Outros exemplos de situações críticas se dão quando há disputa interna pela sucessão: entre irmãos ou primos é o exemplo mais comum, mas também pode ocorrer com profissionais não pertencentes à família; quando o processo não é transparente, com regras claras e avaliações isentas; se potenciais sucessores não enxergam espaço na empresa ou não recebem feedback adequado da organização; e se o herdeiro não tem perfil executivo ou empreendedor.
É importante que a sucessão seja um processo planejado e, no momento certo, comunicada ao mercado para mostrar justamente essa capacidade de planejamento de forma que a mudança não afete negativamente o desempenho da organização.
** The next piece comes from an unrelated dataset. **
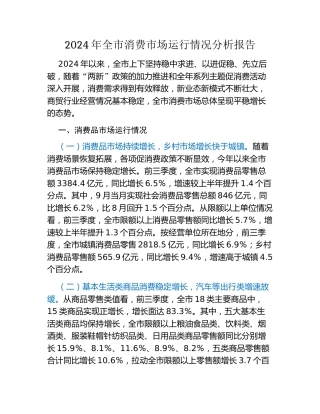2024年全市消费市场运行情况分析报告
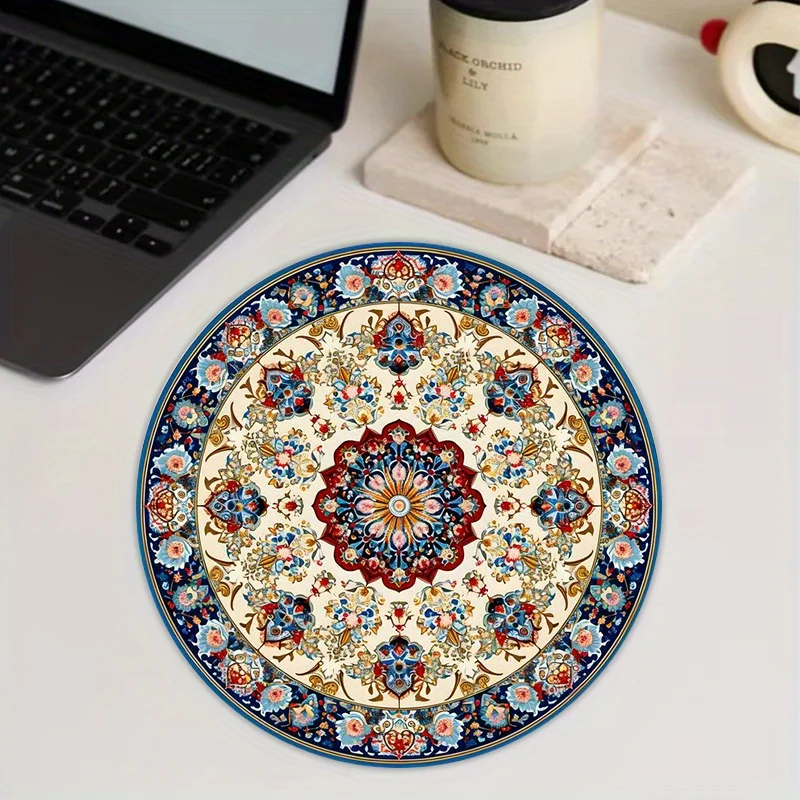 Round anti-slip rubber mouse pad with Bohemian floral design, decorating Bohemian desktop accessories for work and home
Round anti-slip rubber mouse pad with Bohemian floral design, decorating Bohemian desktop accessories for work and home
De acordo com Glauco a sucessão não é um evento, e sim um processo. Isso significa planejar a saída dos atuais líderes e, ao mesmo tempo, preparar as próximas gerações. A família, ou os sócios, devem criar um cenário que englobe todas as possibilidades futuras e articular coletivamente seu sonho de continuidade. Para definir o perfil da nova liderança, é preciso partir de uma visão de futuro, de um exercício de planejamento de longo prazo que mostre como a empresa quer estar dentro de dez anos, por exemplo. O nome a ser escolhido necessita ter o perfil adequado e deve ser alguém capaz de seguir essa estratégia.
A melhor forma de lidar com essas questões é criar um comitê de sucessão composto por membros externos (independentes) do conselho de administração e membros da família. Afinal, uma transição de liderança em empresa familiar não envolve apenas o sucedido e os potenciais sucessores, mas também afeta emocionalmente a família, bem como impacta o mercado e, muitas vezes, a comunidade no entorno.
Durante o processo de sucessão, é normal que a empresa se sinta órfã com a saída do líder. O início da instalação de uma nova cultura tende a receber resistência, especialmente se os estilos de gestão dos líderes forem diferentes, o que gera uma necessidade de cuidado ainda maior com o processo.
Para que a equipe e todos esses demais stakeholders aceitem o novo líder, é fundamental que a escolha do novo sucessor seja baseada em fatos concretos, e não apenas em relações familiares ou promessas. O candidato precisa ter bagagem, capacidade e vontade necessárias para dar continuidade ao crescimento da empresa.
Tomar a atitude de sair da empresa e passar o comando para um sucessor não é uma decisão fácil, mas é extremamente necessária, destaca Glauco. É inevitável que o processo seja dolorido e desgastante, especialmente se for a sucessão do fundador. Porém falar abertamente sobre o assunto e preparar-se para a saída cuidando primeiramente de si próprio tende a tornar esse momento mais natural e saudável tanto para o profissional como para a organização.
Para que a mudança seja efetiva, a pessoa que será sucedida – seja ele o fundador, um herdeiro ou um executivo do mercado – terá de seguir algumas condições básicas, entre as quais, assumir o compromisso de planejar, propor e cumprir etapas do processo de sucessão. Ele deve, acima de tudo, transmitir valores, visão e estratégia da empresa, o tripé fundamental para a construção de um negócio sustentável no longo prazo.
O sucedido deve também exercer um papel de coach durante a transição. Em empresas familiares, muitas vezes há muito conhecimento tácito na cabeça do dono e que não foi explicitado no papel.
Durante a passagem do bastão, o CEO deve saber encontrar seu espaço, respeitar as competências do sucessor e, especialmente, planejar cuidadosamente o depois, trabalhando inclusive para compartilhar a rede de relações. É fundamental saber ouvir e estar disponível.
Assumir a liderança de uma empresa familiar é uma missão bastante desafiadora e cheia de particularidades. Por esse motivo, é fundamental que esta seja uma escolha do sucessor como um objetivo de carreira, e não apenas uma sugestão ou imposição da família.
Se o sucessor for um membro da família, Glauco sugere que ele tenha passado por experiências de mercado fora do grupo familiar. Essa vivência é importante para que ele possa trazer elementos externos e crie seu próprio estilo de gestão, contribuindo para o crescimento organizacional e não apenas repetindo o que já vinha sendo feito até então. Nesse sentido, autoconhecimento é fundamental para que o profissional saiba quais são suas principais competências e pontos de melhoria. E, assim como o profissional que vai ser sucedido deve encontrar o seu espaço, o sucessor também tem que saber se posicionar para ocupar o seu. Perguntar, ouvir e continuar perguntando é sua obrigação, assim como trabalhar a integração na rede de relações da organização, fazer sua autoanálise e dimensionar os desafios que irá enfrentar. Mas não pode esquecer que é seu papel zelar pelos valores da companhia.